How to Study When You are Ready to Really Study
While whole academic careers and bagfuls of dissertations have been built upon trying to sort out the best way to learn a language, here are some things that worked for us. *
* Your mileage may vary.
- Learn from a native speaker. With few notable exceptions, anyone who did not grow up speaking a language is unlikely to have the same pronunciation, intuitive sense of the right word choice (write, inscribe, compose, forge, create, scribble, draft, jot, note) and all the other stuff that separates say Mari's Japanese from my own. It is tempting to go with a non-native speaker as an instructor (and the input of someone who knows your language explaining what is different about the target language is indeed valuable), but you just can't beat a native.

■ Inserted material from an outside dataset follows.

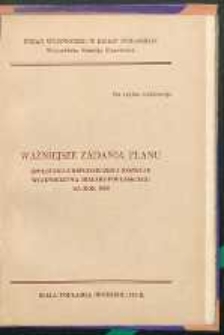 Ważniejsze zadania planu społeczno-gospodarczego rozwoju województwa bialskopodlaskiego na rok 1980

- We've had a lot of luck in the early stages of study with the dialogue method, where as students we memorized a set of sentence like a play. We had a chance to take a bite of the pronunciation, and knew that the dialogue sentence were grammatically perfect and thus could be recycled endlessly abroad. Dialogues whoop memorized phrases because they include a context, as well as Q&A. At some more advanced point you'll need to say goodbye to the dialogues but early on, or if you are just going to study for a short time, they can help.
- Different people feel better or worse about listening to tapes. I like tapes as an addition to the native speaker in a classroom, but do not like them for much more than a review tool. Others prefer them as an introduction to new vocabulary. Tapes require more of your time, not too much trouble if you listen in the car during a long commute, harder if your study time at home is short and often interrupted, and most of the uninterrupted time you have to spend on learning Greek is the two hours a week in class.
- Get a dictionary you can use, and one that fits your goals. For long term study, maybe you need one of those monster door stop editions with the words for toenail, toggle bolt, tempest and tin, but for a short course followed by a short trip something less comprehensive but easier to carry might be a better idea.
- The same goes for textbooks, phrasebooks and the like. Think weight, think ease of use, think matching the book(s) you chose to the level of study you can realistically hope to accomplish.